Wednesday, March 14, 2012
Locke & Key HC
What an interesting comic. Joe Hill is Stephen King’s kid, right? It sure shows here. This series has all the elements. Sad childhood, creepy locales, depraved psychopaths. In fact, that sad childhood element is a recurring one for King, and Hill seems pretty comfortable tilling the same soil.
The series focuses on the Locke family, specifically on the three Locke children as they wrestle with their mother’s assault and father’s death. There are all sorts of interesting ties between the murderer and the victim, but it turns out that there is a much more supernatural element here. The Locke family moves back to Lovecraft, MA, where the kids start spreading out into their sprawling estate. It’s spooky, but not overly so, in fact, it seems like a pretty great place to live if it wasn’t for the creature in the old well house and the door that turns you into a ghost. And heck, who wouldn’t want to try out being a ghost?
Hill does a nice job getting in the heads of each of the core characters, but he’s not neglecting the rest of the world either. I really enjoy seeing the strength in Locke family matriarch and in the kids’ uncle. They aren’t privy to the toughest parts of the kids’ lives, but they’re doing their best.

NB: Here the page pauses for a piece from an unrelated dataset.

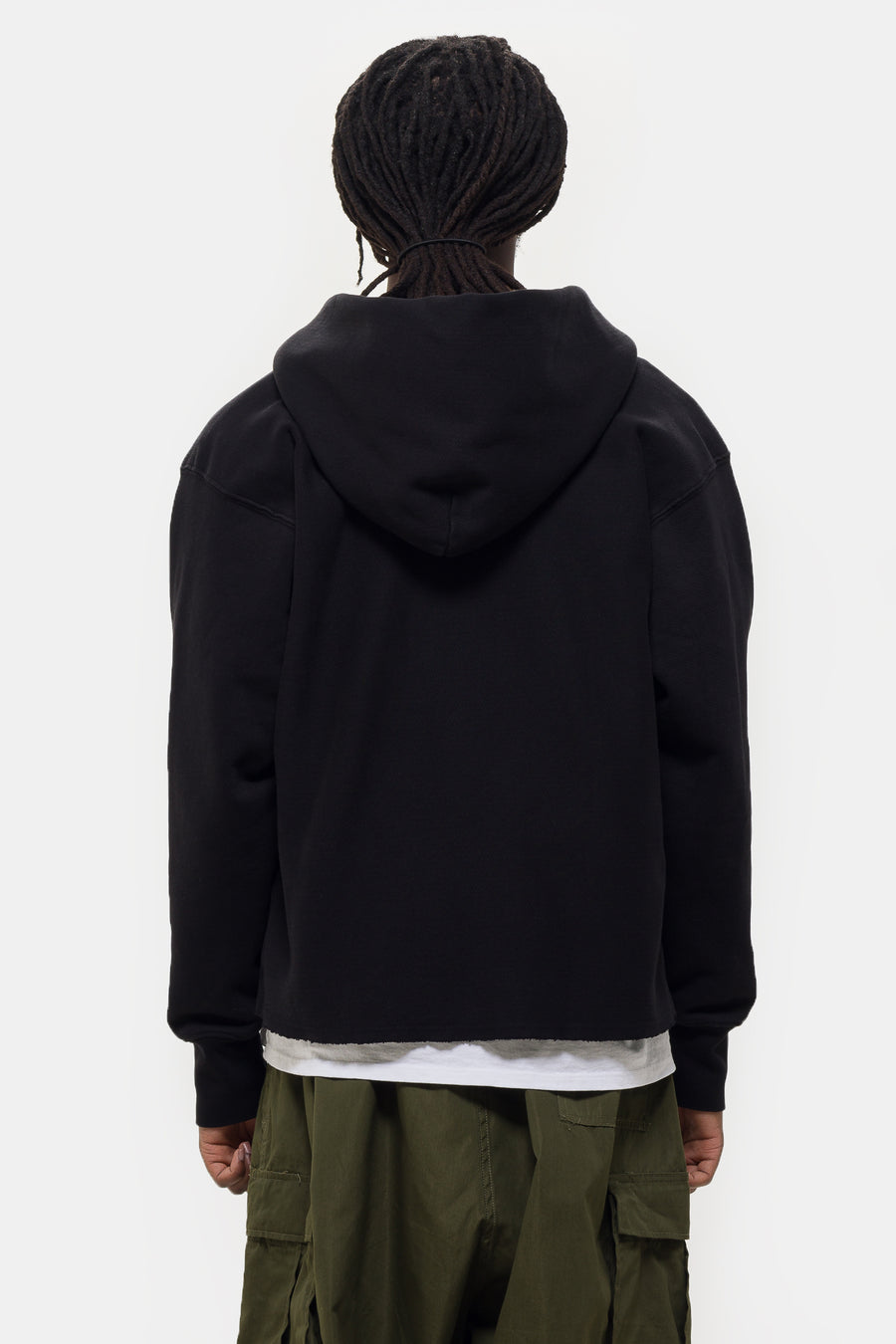Les Tien Heavyweight Inside Out Raw Cropped Hoodie in Jet Black - Notre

After the first collection, I have absolutely no idea where this is going. The creature in the well is certainly giving me some Ring vibes, but it seems there is more than that going on. I’m happy to see the story sort of resolve after the first six issues, but with lots of threads for later. Growing up in the same town your mysterious Dad did is a sure recipe for lots of interesting supporting characters.
Gabriel Rodriguez has a nice style, with big expressive eyes and clear lines. At times the art gets a bit cartoony, especially when drawing Bode, the youngest Locke. That said, some of the elements in this horror story would be too upsetting if drawn realistically. His storytelling is clear, it will be neat seeing if the colors and tone of the art continues or adjusts to the dark subject matter.